Nori provides a complete, ready-to-use authentication system that includes session middlewares, route decorators for permissions, JSON Web Token (JWT) based authentication for APIs, and secure password handling using PBKDF2-SHA256 hashing.

Password Hashing (Security)

To create users or validate manual logins, you must always use the Security class provided by the framework in core.auth.security.

from core.auth.security import Security

# Hashing a plain text password
hashed_password = Security.hash_password('my_secret_password')
# 'pbkdf2_sha256$100000$salt$hash'

# Comparison / Verification
is_valid = Security.verify_password('my_secret_password', hashed_password) # True

Security also offers quick stochastic hexadecimal token generators:

token = Security.generate_token()      # 64 hex characters
csrf = Security.generate_csrf_token()  # 64 hex characters

Brute-Force Protection (Login Guard)

Nori includes per-account brute-force protection that locks accounts after repeated failed login attempts, with escalating lockout durations.

from core.auth import check_login_allowed, record_failed_login, clear_failed_logins

async def login(self, request: Request):
    form = await request.form()
    email = form['email']

    # 1. Check if the account is locked
    allowed, retry_after = await check_login_allowed(email)
    if not allowed:
        return JSONResponse(
            {'error': f'Too many attempts. Try again in {retry_after}s.'},
            status_code=429,
        )

    # 2. Validate credentials
    user = await User.get_or_none(email=email)
    if not user or not Security.verify_password(form['password'], user.password_hash):
        await record_failed_login(email)
        return JSONResponse({'error': 'Invalid credentials'}, status_code=401)

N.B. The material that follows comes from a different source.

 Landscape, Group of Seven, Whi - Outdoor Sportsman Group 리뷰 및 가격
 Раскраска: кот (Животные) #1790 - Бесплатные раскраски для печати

    # 3. Success — clear attempts and start session
    await clear_failed_logins(email)
    request.session['user_id'] = str(user.id)
    return RedirectResponse(url='/dashboard', status_code=302)

How it works: - After 5 consecutive failures, the account is locked for 1 minute. - Each subsequent lockout escalates: 1m → 5m → 15m → 30m → 1h. - A successful login resets the counter entirely. - Attempts made during a lockout are ignored (don't extend the lockout). - Uses the cache backend (Memory or Redis), so it works with the same CACHE_BACKEND setting. - Lockouts are logged via nori.auth logger for monitoring.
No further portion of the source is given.